Could you copy exactly the lines below from the one with "A 19th century" to the one with "Landscape of a", inclusive, leaving out any pictures?

Data for the task -
^^^^^^^^

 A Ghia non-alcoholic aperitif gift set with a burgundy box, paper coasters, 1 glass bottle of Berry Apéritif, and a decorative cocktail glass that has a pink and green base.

^^^^^^^^

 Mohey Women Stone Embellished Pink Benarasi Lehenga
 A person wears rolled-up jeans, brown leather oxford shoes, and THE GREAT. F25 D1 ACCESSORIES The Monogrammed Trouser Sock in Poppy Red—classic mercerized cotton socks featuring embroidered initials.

^^^^^^^^

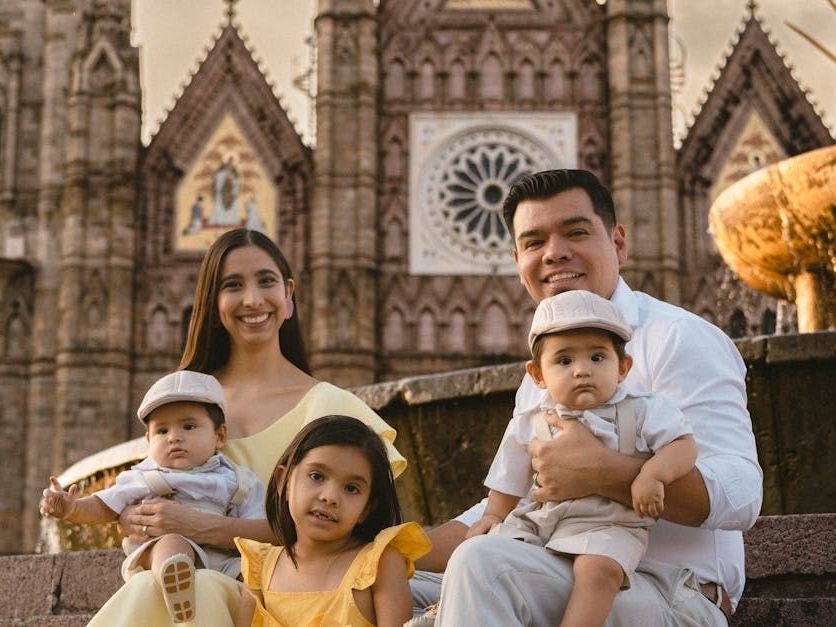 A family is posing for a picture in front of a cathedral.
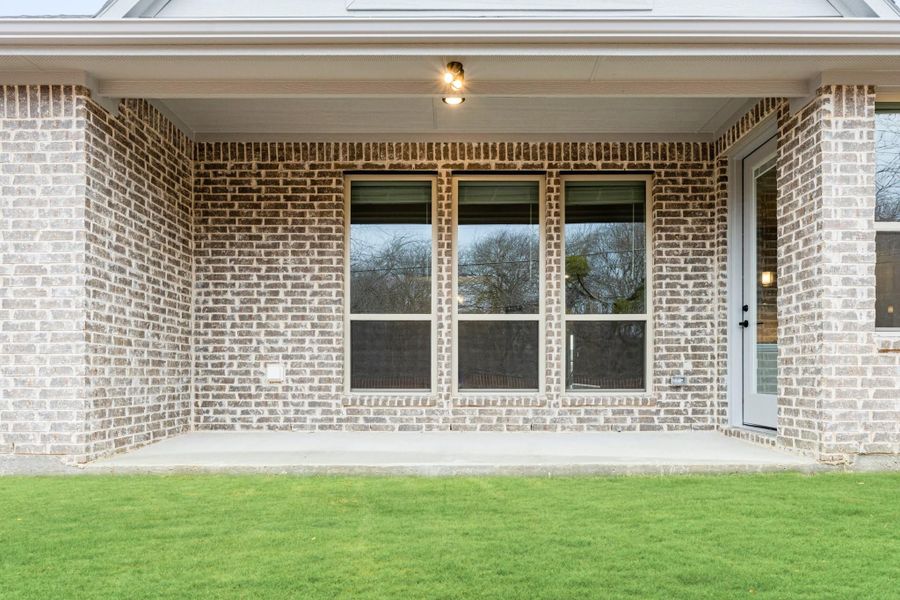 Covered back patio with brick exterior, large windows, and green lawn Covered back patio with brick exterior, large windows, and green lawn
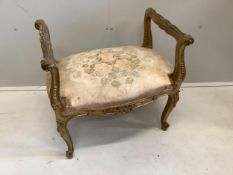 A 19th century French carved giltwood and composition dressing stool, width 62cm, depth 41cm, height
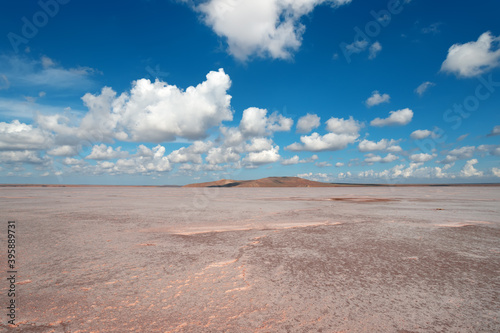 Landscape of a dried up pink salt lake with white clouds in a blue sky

^^^^^^^^

Answer below -
 A 19th century French carved giltwood and composition dressing stool, width 62cm, depth 41cm, height
 Landscape of a dried up pink salt lake with white clouds in a blue sky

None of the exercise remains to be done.